At the risk of being dubbed not just a Complacent Desi, but one of those CDs cariacatured in Meera Syal’s Goodness Gracious Me! for their conviction that everything was invented in India first, I should point out that the talent-to-dross ratio in the NRI literature pile almost exactly mirrors the genius-to-dreck ratio in the small world of Indian Writing in English back home. It’s a little alarming to imagine that we’re exporting our ability to achieve splendid mediocrity along with our unburgeoned enthusiasm for conquering brave new worlds, but it’s an inescapable conclusion. This is what the NRI world looks like between covers:

Phir Bhi Dil Hai Hindustani: Apparently, the whole point of going to a phoren land was so that you could have a searing moment of unabashed, nostalgia-drenched nationalism that also proved your abiding attachment to your roots. In Kal Ho Na Ho, the Mera Bharat Mahaan moment is provided when do-gooder Aman Mathur gets the desi community together to build a bonafide monument to India in the form of a desi restaurant. It opens its doors, queues form around the block; voila, conquest via chicken tikka. But it merely mirrors the MBM moment in Kabhi Khushi Kabhi Gam, when a small boy who’s supposed to sing Do Re Mi to a British audience bursts into Jana Gana Mana instead. In Kuch Kuch Hota Hai, India shone forth when England-returned Rani Mukherjee, challenged to prove her Indianness, sung Om Jai Jagadish Hare.

In novels, it’s more gradual—a process exemplified in Tanuja Desai Hidier’s Born Confused, where Dimple Lala quits fighting against “meaningless” traditions and begins to seek out her Indian identity via curry recipes, and capsule lessons on Indian history, and the realisation that bhangra’s cool, once she meets the right Indian boy. Or it shows up in Kavita Daswani’s For Matrimonial Purposes when the heroine decides that what she really wants is a man of “similar caste and background”, who can share the “momentuous pressures and enduring obligations” of her community.

The point of the patriotic moment is to glorify the love for a country left far behind; it’s light years away from the uneasy concerns expressed in Jhumpa Lahiri’s short story, ‘When Mr Pirzada Came to Dine’. To Lilia, India is a “sprawling orange diamond” on the map that her mother had once told her “resembled a woman wearing a sari with her left arm extended”. Her father asks, knowing the answer already, what history she’s learning. “We learned American history, of course, and American geography.” In these three crafted sentences, Lahiri said more about the sorrow of diaspora—the loss of connection with a land still remembered—and its brisk ability to move on and assimilate, surely the whole point of braving a new world, than a three-hour reel of spliced together Mera Bharat Mahaan moments could. But then Lahiri’s prose coexists in the decade of the Matrimonial novel.

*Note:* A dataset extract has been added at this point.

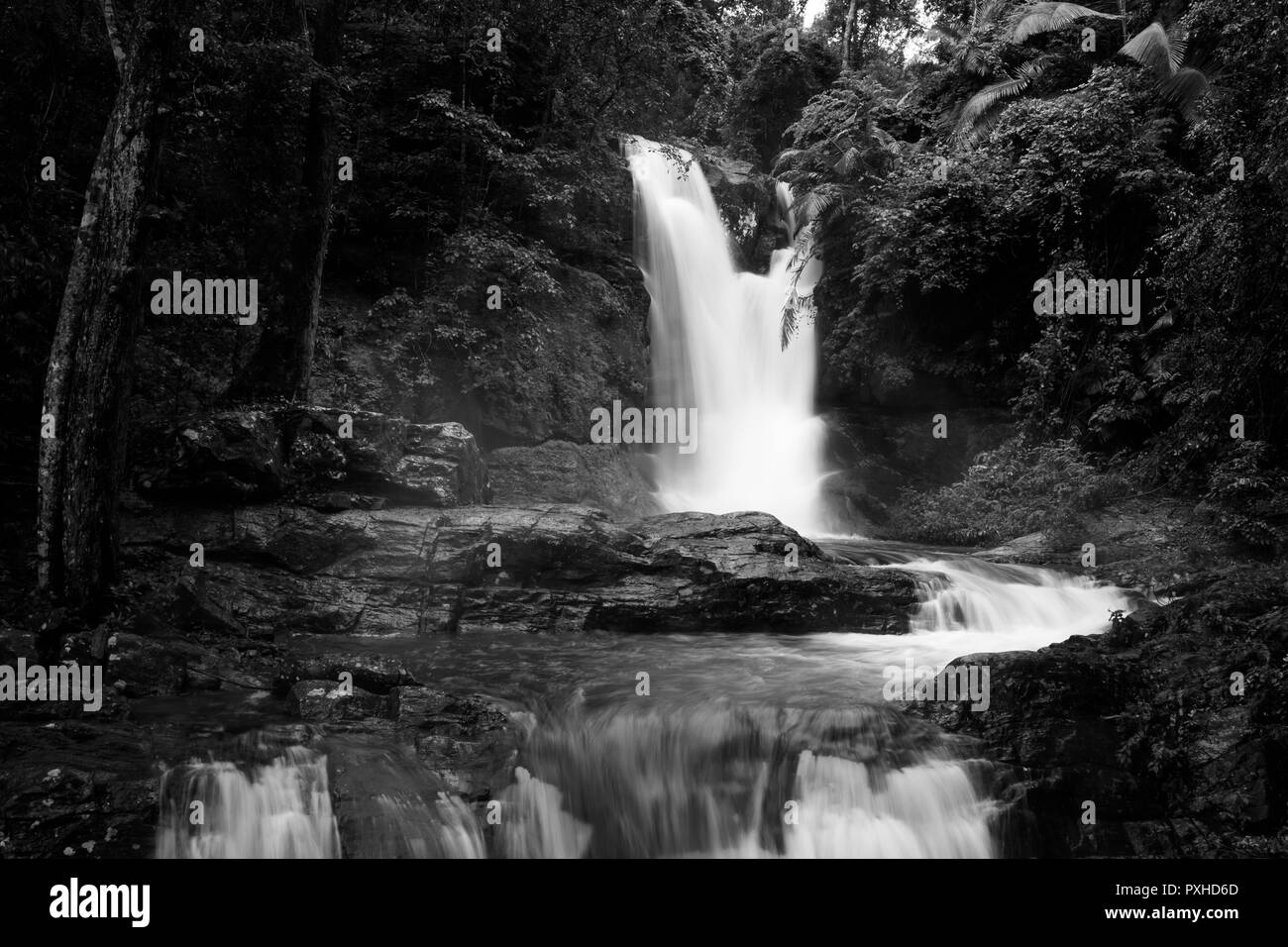 Il Kerala ecoturismo Foto Stock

Shaadi, Desi Style: If anyone doubts the existence of the Matrimonial novel, I’d beg him or her to run an eye over these recent book titles. Chitra Banerjee Divakaruni may have anticipated the trend with Arranged Marriage. But she cannot have envisioned the spate of titles that would be eagerly snapped up by publishers in search of the India abroad chicklit market. From Bali Rai’s (Un) Arranged Marriage to Sharon Maas’ Of Marriageable Age to Kavita Daswani’s For Matrimonial Purposes, it’s a small world out there, with apparently just one thin plotline.

In (Un)Arranged Marriage, Leicester Punjabi Manny rebels against his family’s attempts to ring out the wedding bells by trying to be the most unsuitable boy possible. A trip to India changes his mind, and his attitudes, and no prizes for guessing how the story ends. Of Marriageable Age brings together three people of Indian origin—Sarojini, rebelling against the thought of being forced into marriage, Nat or Nataraj from Tamil Nadu, who bumps into Saroj in England, and Savitri. Maas is more mawkish than lyrical, but the story ends predictably. And Kavita Daswani’s For Matrimonial Purposes follows 34-year-old Anju’s Great Official Husband Hunt from Bombay to Umrica.

That’s just the ones with ‘Matrimonial’ or ‘Marriage’ in the title. The rest hide the same old plot—boy meets girl, horoscopes match, identity crises work out, and everyone dances at the wedding—under the second favourite contemporary NRI obsession: food.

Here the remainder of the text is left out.